--- Problem to solve ---
Copy every record exactly, and keep the pictures out.

--- Supplied data ---
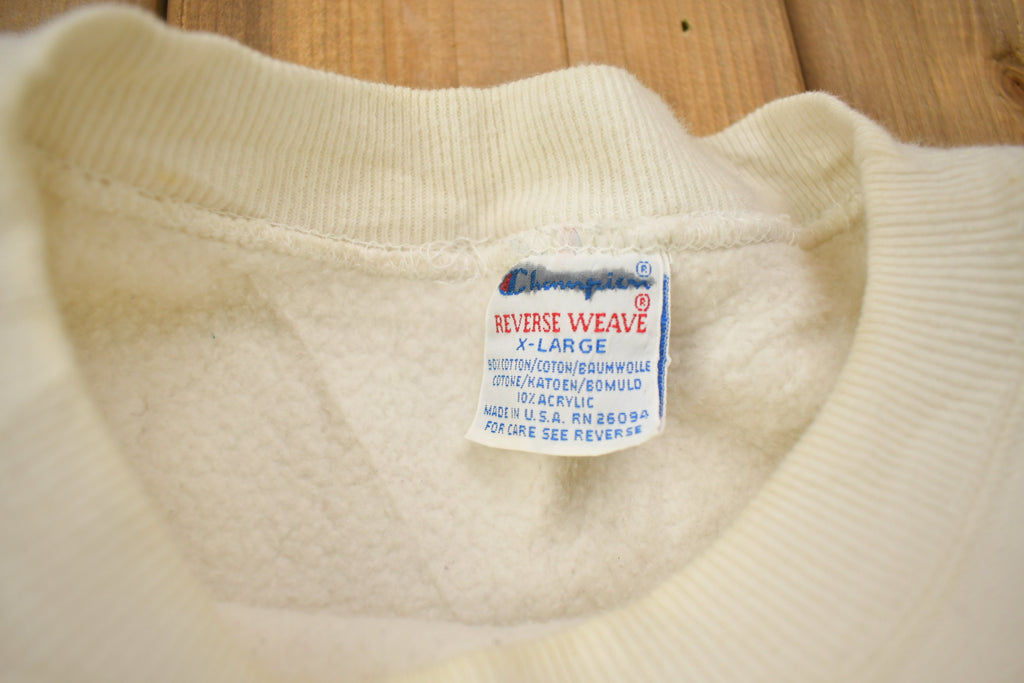 Vintage 1990s Blank White Champion Reverse Weave Crewneck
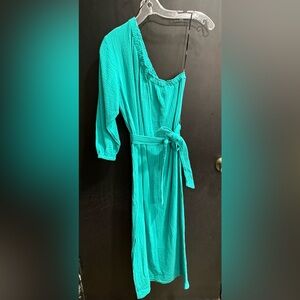 Monrow Pinstripe Gauze Tie Shirt Dress XS NWT Green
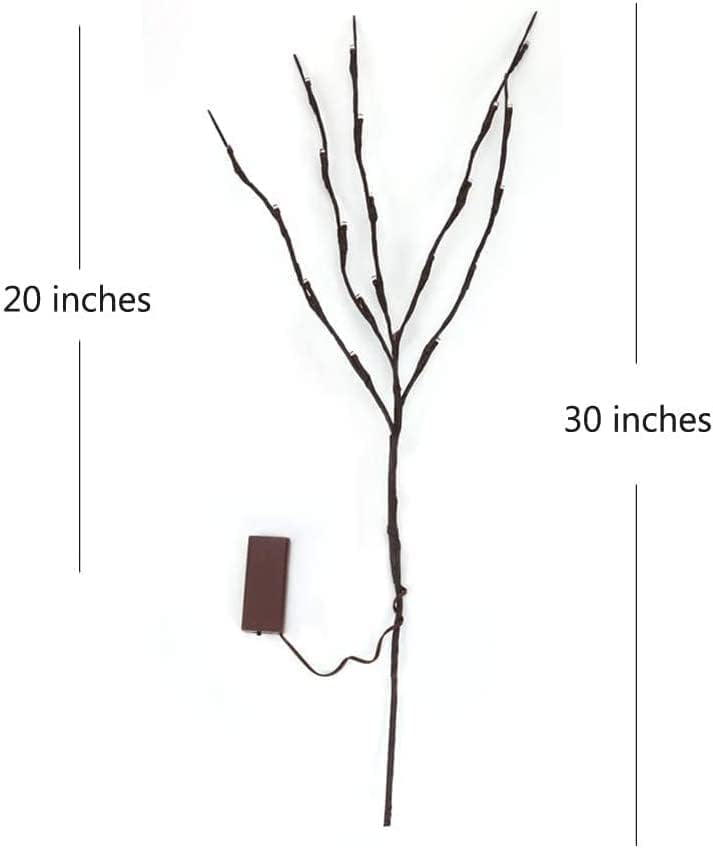 DK177 4 Pack Led Branch Light Battery Operated Lighted Branch Vase Filler Willow Tree Artificial Little Twig Power Brown 30 Inch 20 LED for Home Romantic Decoration, White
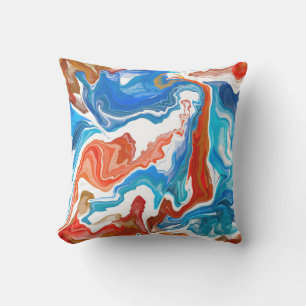 Red, White and Blue Marble Fluid Art Cushion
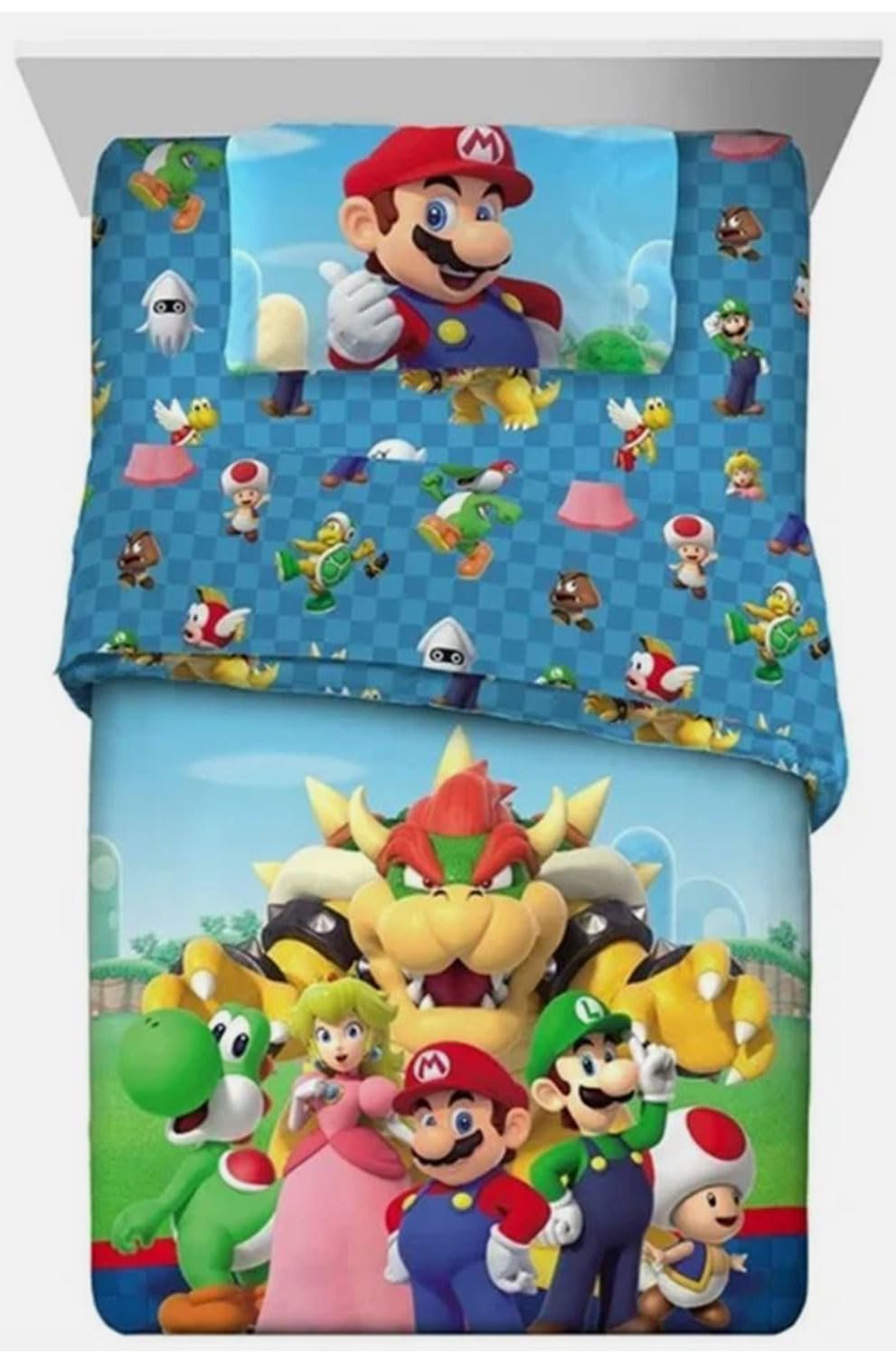 Franco Super Mario Kids Twin Comforter and Sheets Set, All The Players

--- The answer ---
 Vintage 1990s Blank White Champion Reverse Weave Crewneck
 Monrow Pinstripe Gauze Tie Shirt Dress XS NWT Green
 DK177 4 Pack Led Branch Light Battery Operated Lighted Branch Vase Filler Willow Tree Artificial Little Twig Power Brown 30 Inch 20 LED for Home Romantic Decoration, White
 Red, White and Blue Marble Fluid Art Cushion
 Franco Super Mario Kids Twin Comforter and Sheets Set, All The Players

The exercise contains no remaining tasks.